Extended Data Fig. 4 |. CUT&Tag of RNAPIIS5P and BRG1 at bivalent promoters.

a, K-means clustering of RNAPII-S5P and H3K27me3 CUT&Tag reads relative to RefSeq annotated gene promoter TSSs to group promoters as active (I, RNAPII-S5P enriched) and bivalent (II, H3K27me3 enriched), and not enriched for either (III). b, c, Heatmaps (bottom) and average plots (top) comparing RNAPII-S5P and BRG1 occupancy by spike-in calibrated CUT&Tag relative to bivalent promoter TSSs in untreated cells (DMSO) versus cells treated with Flavopiridol or Actinomycin D at indicated time points post drug treatment. d, Heatmaps (bottom) and average plots (top) comparing H3K27me3 occupancy by spike-in calibrated CUT&Tag relative to bivalent promoter TSSs in untreated cells (DMSO) and cells treated with Flavopiridol. e, Heatmaps (bottom) and average plots (top) comparing H3K9me3 occupancy (CUT&Tag) with RNAPII-S5P and BRG1 relative to H3K9me3 peaks in untreated cells (DMSO) versus cells treated with Flavopiridol or Actinomycin D. RNAPII-S5P and BRG1 CUT&Tag reads were spike-in calibrated and plotted to the same scales as in panels b and c, respectively. Datasets are representative of at least two biological replicates.

Extended Data Fig. 5 |. CUT&RUN of pluripotency TFs in SL versus 2i culture conditions.

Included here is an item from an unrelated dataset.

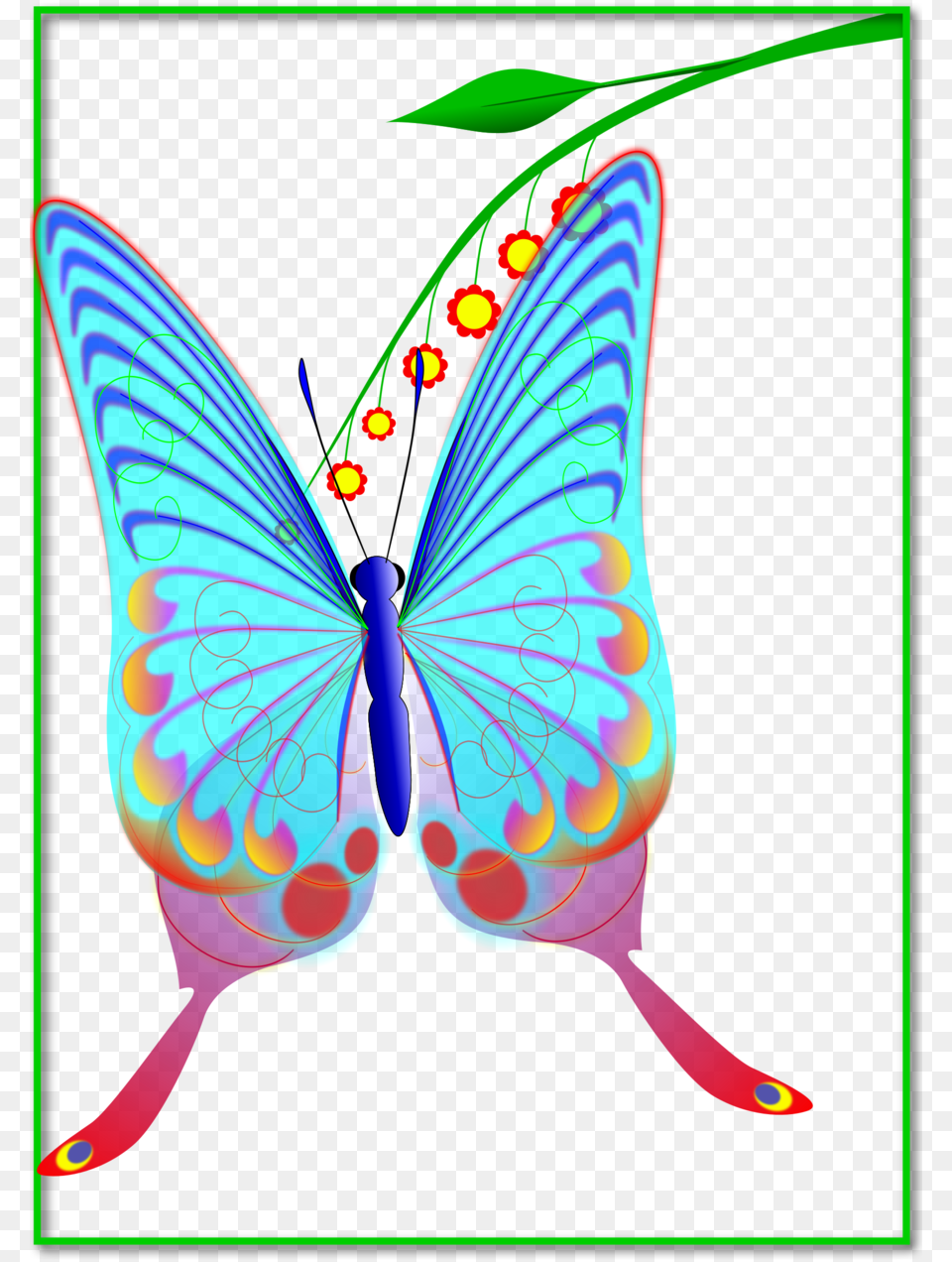 Butterfly Clipart Monarch Butterfly Clip Art Butterfly, Graphics, Light, Neon, Pattern Free Png Download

a, Heatmaps (bottom) and average plots (top) comparing pluripotency TF occupancy by CUT&RUN at RNAPII-enriched (active) and H3K27me3-enriched (bivalent) promoters. Promoters were grouped based on K-means clustering of RNAPII-S5P and H3K27me3 CUT&Tag reads mapping to a 5 kb window around the TSSs of RefSeq-annotated mESC genes, see Extended Data Fig. 4a. b, Immunofluorescent staining comparing pluripotency TF and BRG1 expression in SL versus 2i culture conditions. Cy5-conjugated secondary antibodies were used in all experiment except for KLF4, where Rhodamine red-conjugated antibody was used. DAPI (blue) was used to stain the nucleus in cells. c, Heatmaps (bottom) and average plots (top) comparing pluripotency TF occupancy by spike-in calibrated CUT&RUN in SL versus 2i culture conditions.